● **YOUR GOAL**: Among the lines below, count those with "Beige". Give only the number.

● **RECORD EXCERPTS**:
::::::::
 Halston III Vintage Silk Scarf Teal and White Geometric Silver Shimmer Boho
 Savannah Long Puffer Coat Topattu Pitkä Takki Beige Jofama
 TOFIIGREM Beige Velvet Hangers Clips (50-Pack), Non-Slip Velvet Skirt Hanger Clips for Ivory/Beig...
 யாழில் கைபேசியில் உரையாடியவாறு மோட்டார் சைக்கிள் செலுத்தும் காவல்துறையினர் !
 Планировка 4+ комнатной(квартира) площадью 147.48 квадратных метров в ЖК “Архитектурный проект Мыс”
::::::::
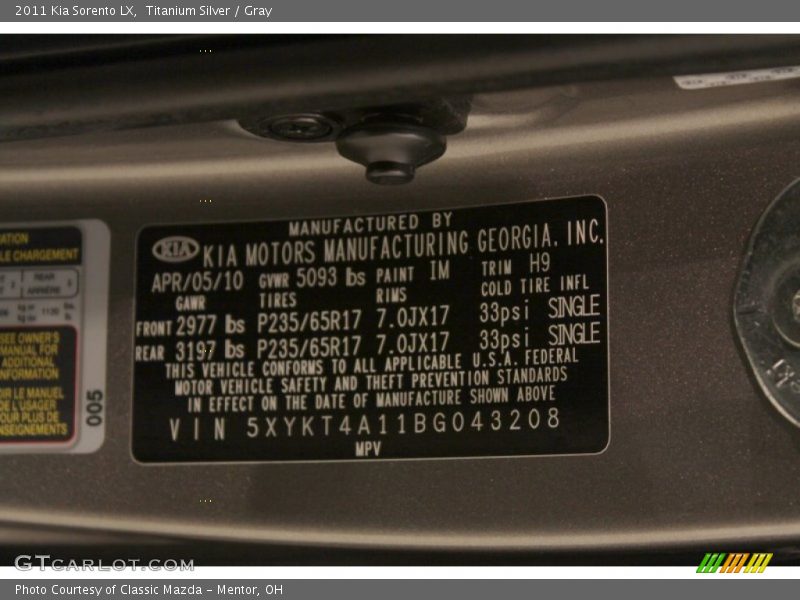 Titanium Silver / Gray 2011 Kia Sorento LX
::::::::
● **TASK RESULT**: 2